The Orthodox Union Public Affairs blog has recently published a statement by presidential candidate Barack Obama on the Israeli/Palestinian conflict:
“I start with the premise that Israel is a stalwart ally of ours and their security cannot be compromised. I also start with the premise that the status quo is unsustainable and that what would be good for Israeli security will be the kind of two-state solution that allows the Palestinians to live and prosper in their own state and allows Israel to maintain the security of its state.”
“I think everyone knows what the basic outlines of an agreement would look like. It would mean that the Palestinians would have to reinterpret the notion of right of return in a way that would preserve Israel as a Jewish state. It might involve compensation and other concessions from the Israelis but ultimately Israel is not going to give up its state.”
This is carefully worded and nuanced, and it’s worth thinking about what it means. The first paragraph represents the conventional wisdom on the two-state solution, and is true in a tautological way: obviously a solution that “allows Israel to maintain the security of its state” will be good for Israeli security.
However, the implication is that a two-state solution is necessary for Israeli security, because the status quo is unsustainable. What Obama does not deal with is the fact that the Palestinians do not want — in any way, shape or form — a state alongside Israel in which they can live and prosper. Forcing Israel to make concessions that are intended to lead to a two-state solution in this situation could certainly compromise Israel’s security.
The second paragraph is even more interesting. Shmuel Rosner, writing in Ha’aretz, suggests that it means that “Barack Obama backs Israel remaining a Jewish state“. Well, it means that he does not think that the Palestinians should be able to flood Israel with ‘refugees’, but it also does not mean that the Palestinians must recognize Israel as a Jewish state.
“Compensation and other concessions from the Israelis” implies that the Palestinian nakba story is legitimate, that Israel created the refugees, and is responsible for them. Otherwise, why should Israel owe them anything?
The war that ended in 1948 was a continuation of the struggle to throw the Jews out that the Palestinian Arabs began in the 1920′s and was taken up by the Arab nations when they invaded Israel. There would have been no Arab refugees if they had accepted the partition resolution, instead of choosing war. The fact that the refugees weren’t resettled, but kept in misery for 60 years was the fault of the Arab nations and the compliant West — not Israel.
Accepting the principle of compensation is accepting the principle that Palestine actually belonged to the Arabs, the Jews took it, and now they need to compensate the Arabs for their loss.

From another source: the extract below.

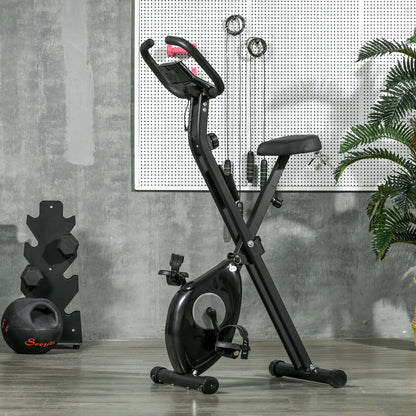 Foldable Exercise Bike, 8-Level Magnetic Resistance, LCD Screen, Phone Holder, Black Exercise & Stationary Bikes at Gallery Canada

The right of return does not require reinterpretation. There is no such right. The refugees have a right to resettlement in the Palestinian state or perhaps their present host countries, and a right to compensation from the Arab nations for the way they have been treated.
Here is what I think Obama, or any presidential candidate, should say:
“I start with the premise that Israel is a stalwart ally of ours and their security cannot be compromised. I also start with the premise that the status quo is unsustainable and that Palestinians must accept Israel’s right to exist unmolested as a Jewish state in the Middle East.”
“Part of any two-state agreement must be that the Palestinians agree that there is no right of return to Israel, but only to the Palestinian state. Refugees may receive compensation or other benefits (from Arab nations or the West), but they are not in any way the responsibility of Israel.”